The community Mass will be celebrated at 11:00 AM, Abbot Robert Barnes presiding and preaching. It is a non-work day and we follow the Sunday schedule with Benediction of the Most Blessed Sacrament following Vespers (5:30 PM).
Why all the festivities in Lent? This morning after Lauds (7:00 AM) Abbot Robert will clothe Postulant Aelred Joseph in the Novice’s habit in a private ceremony in the Chapter Room.
The ceremony is traditionally a community matter; in the middle ages, it represented the candidate’s break from “the world”, using the vocabulary of St. John’s Gospel. In this sense, “the world” means that willful, human tendency to misuse creation for our sinful, self-serving ends rather than what it was created for–ultimately, to lead us to God. And the medieval European culture associated “the world” with society and the monastic community with an alternate option. Thus the clothing of a novice was a private ceremony.
At that time, a year and one day later, the novice would have professed solemn vows for life.
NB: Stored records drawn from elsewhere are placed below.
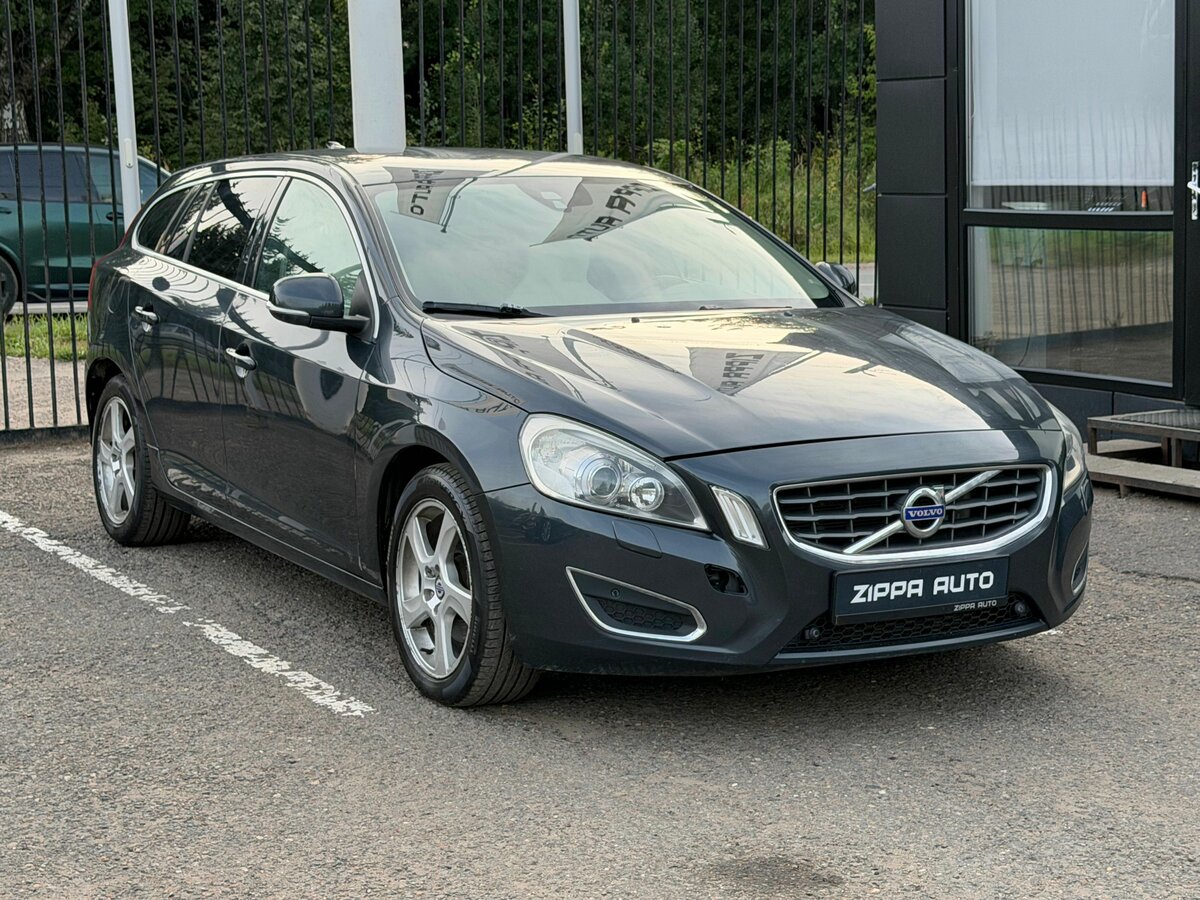 Открыть фотографии: Volvo V60 I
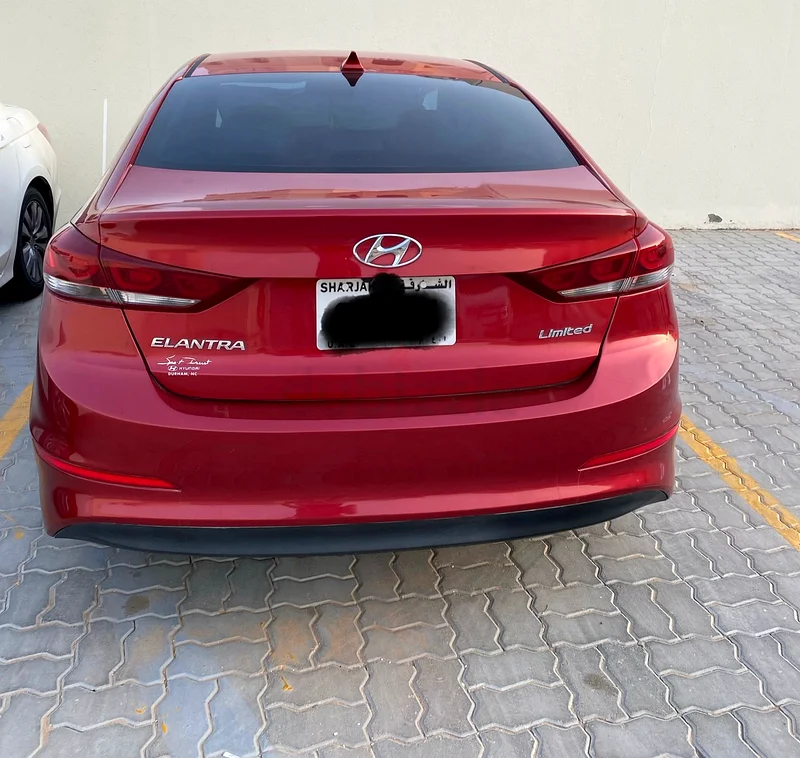 هيونداي إلانترا 2017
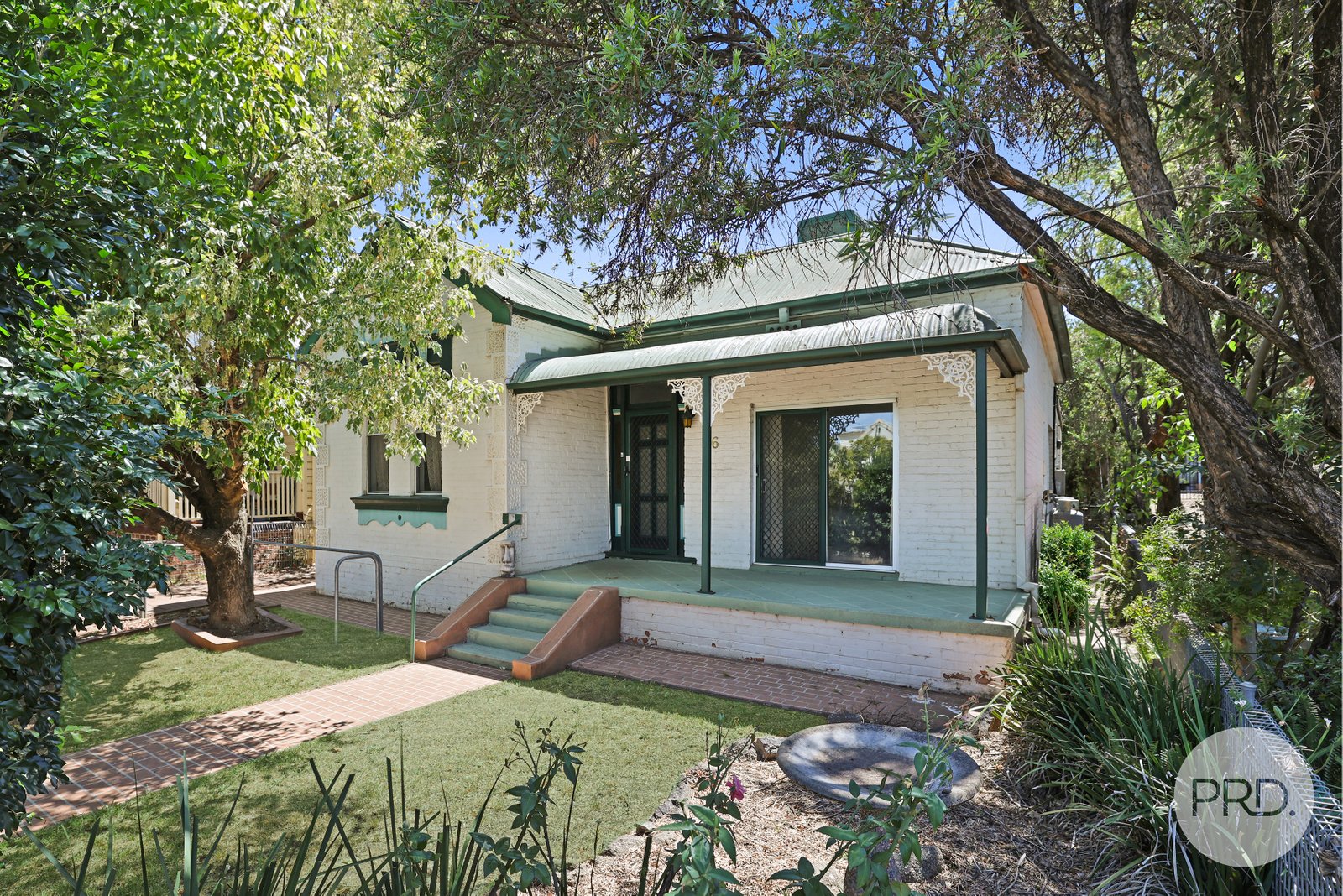 56 Rawson Avenue TAMWORTH 1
Today, the novitiate is two years long, followed by at least three more years of discernment in “temporary” or “simple” vows. We live in a very different society and religious culture than Christians in the Twelfth Century!
The novices habit is not identical with the habit of the Order; the scapular is white, representing restored innocence, rather than black, representing conversion and penitence. The habit of the Order is the cowl, or all-encompassing long sleeved and hooded white robe worn over the scapular, tunic and belt. The novice is given, instead, a white, hooded mantle. In other words, it is a transitional garment introducing a transitional–hopefully transformative–stage. It therefore makes sense to celebrate this step at a private ceremony.
Please keep Br. Aelred Joseph in your prayers, not only today but through the two years of his novitiate.